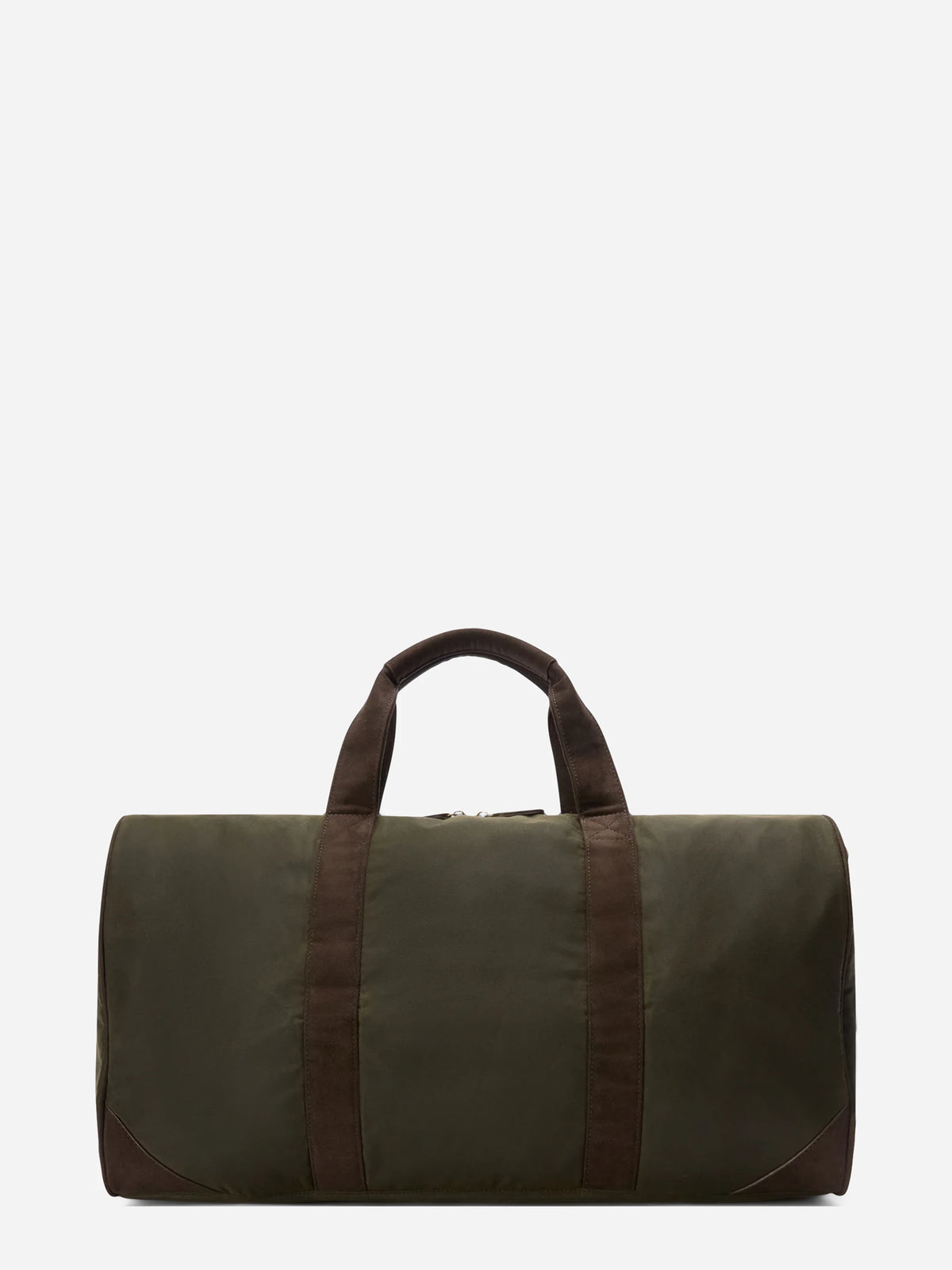 Borsone Jetleg Wax verde militare - vista laterale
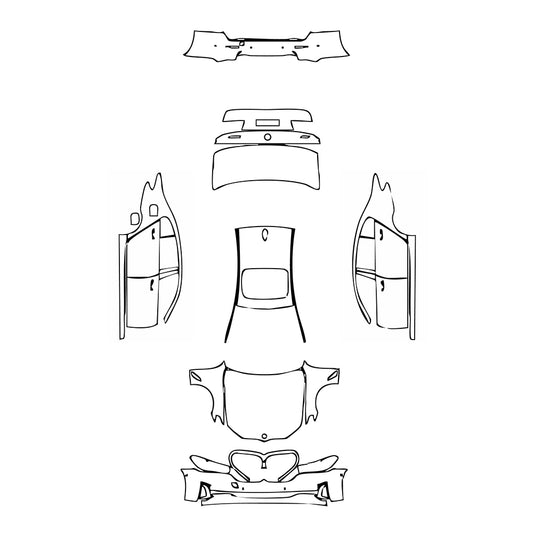 Pre-Cut PPF BMW 5 Series Sedan Extended Wheelbase Luxury 2023 - PPF-Kits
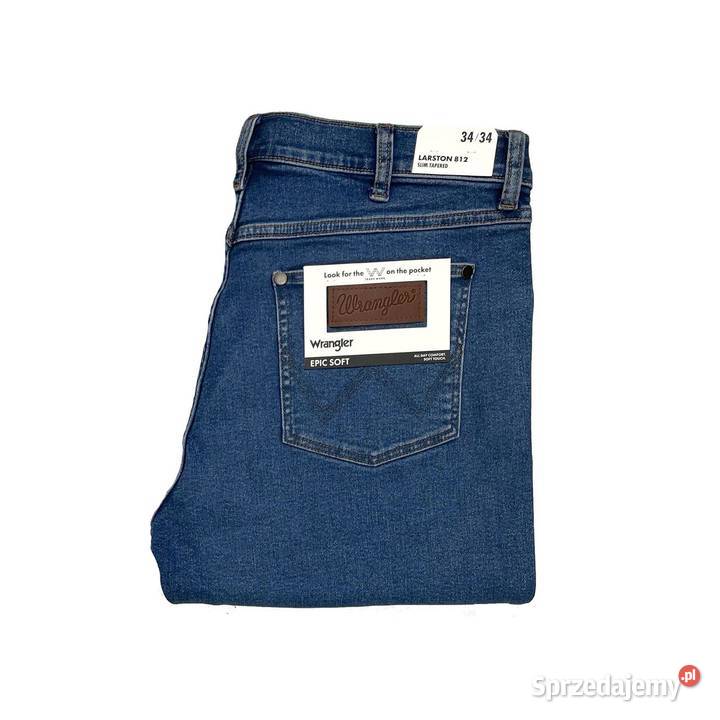 Spodnie męskie jeansy Wrangler Larston 812 Ridge Białystok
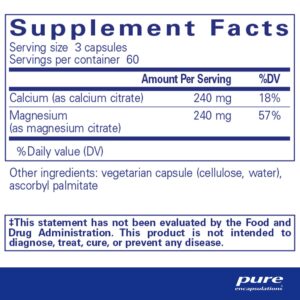 Calcium/Magnesium (citrate) 180's - Image 3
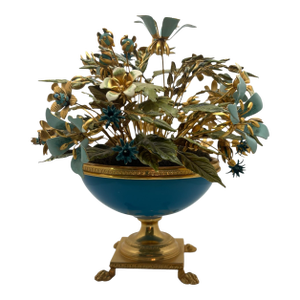Vintage Gorham Jane Hutcheson “Fleurs Des Siecles” Enamel Floral Bouquet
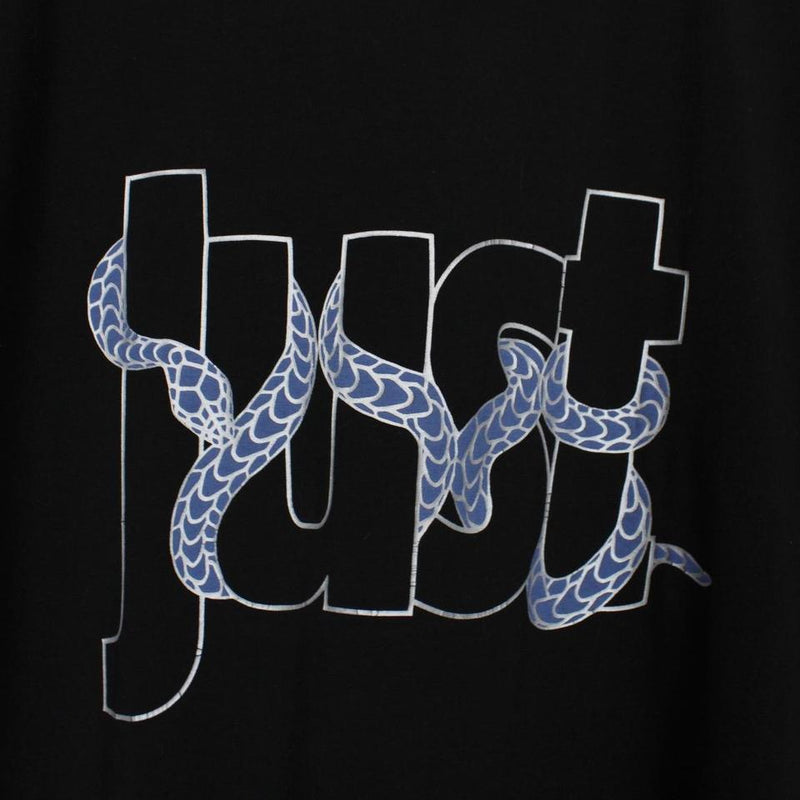 Just Cavalli Snake Wrapped Logo T-Shirt Large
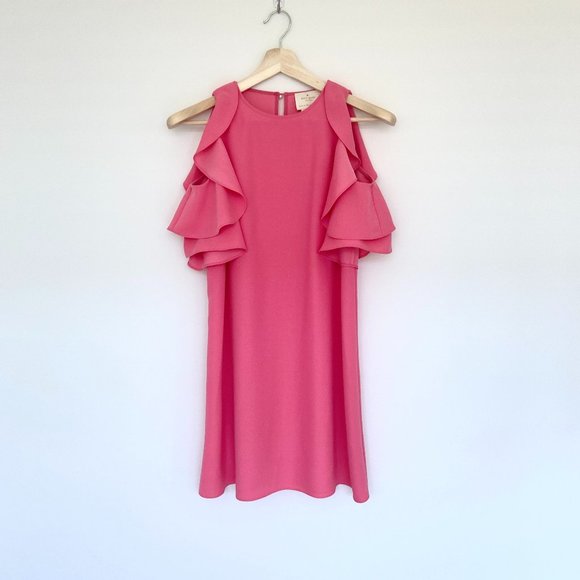 kate spade Dresses & Skirts - Kate Spade Cold Shoulder Shift Dress. Petunia Pink. XS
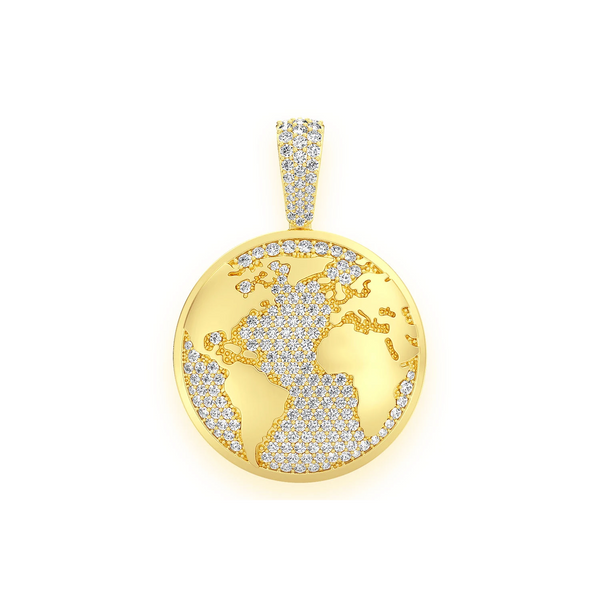 World Globe Diamond Pendant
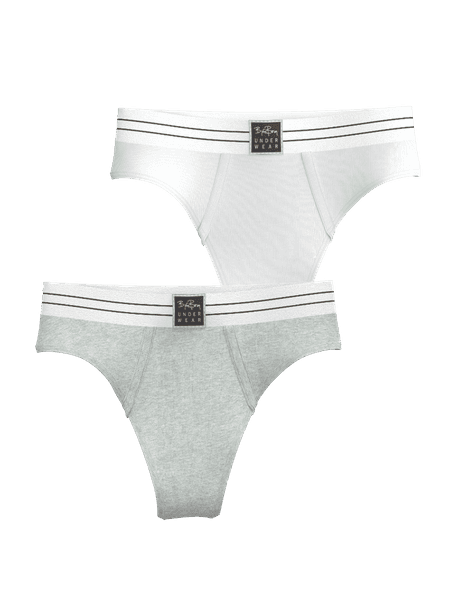 Björn Borg Original Thongs 2-pack Grey, M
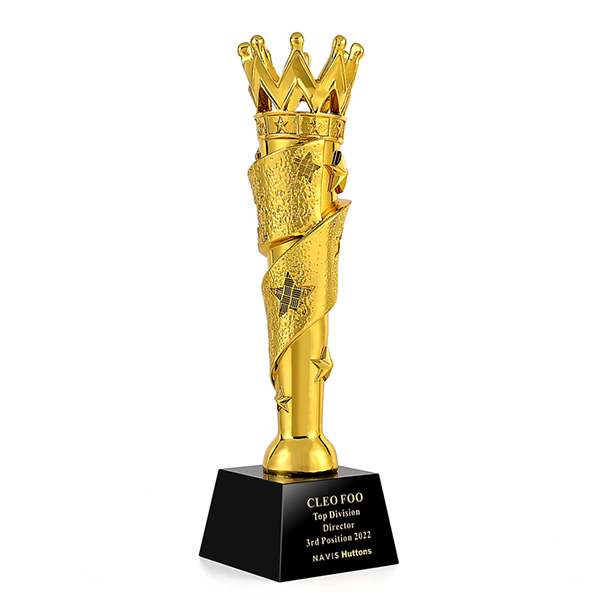 Polyresin Crown Trophy – PL 646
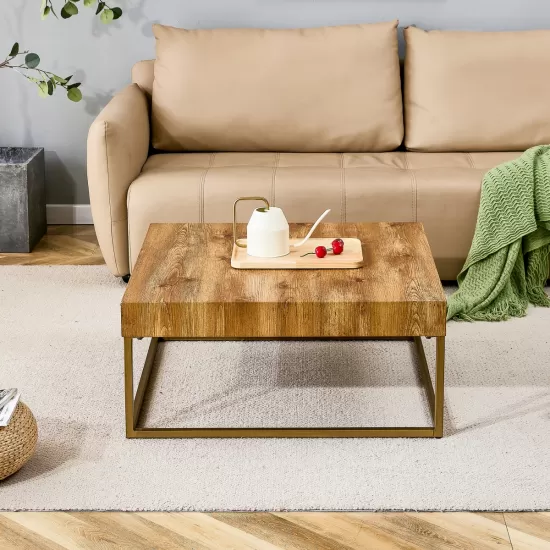 Modern rectangular coffee table, dining table. MDF desktop with metal legs. Suitable for restaurants and living rooms. The size :31.5 Modern rectangular coffee table, dining table. MDF desktop with metal legs. Suitable for restaurants and living rooms. The size :31.5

+ + + + + + +

Prompt: From the line containing "Calcium/Magnesium (citrate) 180's - Image 3" to the last line of the records above, return each line exactly, both ends included, and nothing more. Leave out the pictures.

Task solution:
 Calcium/Magnesium (citrate) 180's - Image 3
Vintage Gorham Jane Hutcheson “Fleurs Des Siecles” Enamel Floral Bouquet
 Just Cavalli Snake Wrapped Logo T-Shirt Large
 kate spade Dresses & Skirts - Kate Spade Cold Shoulder Shift Dress. Petunia Pink. XS
 World Globe Diamond Pendant
 Björn Borg Original Thongs 2-pack Grey, M
 Polyresin Crown Trophy – PL 646
 Modern rectangular coffee table, dining table. MDF desktop with metal legs. Suitable for restaurants and living rooms. The size :31.5 Modern rectangular coffee table, dining table. MDF desktop with metal legs. Suitable for restaurants and living rooms. The size :31.5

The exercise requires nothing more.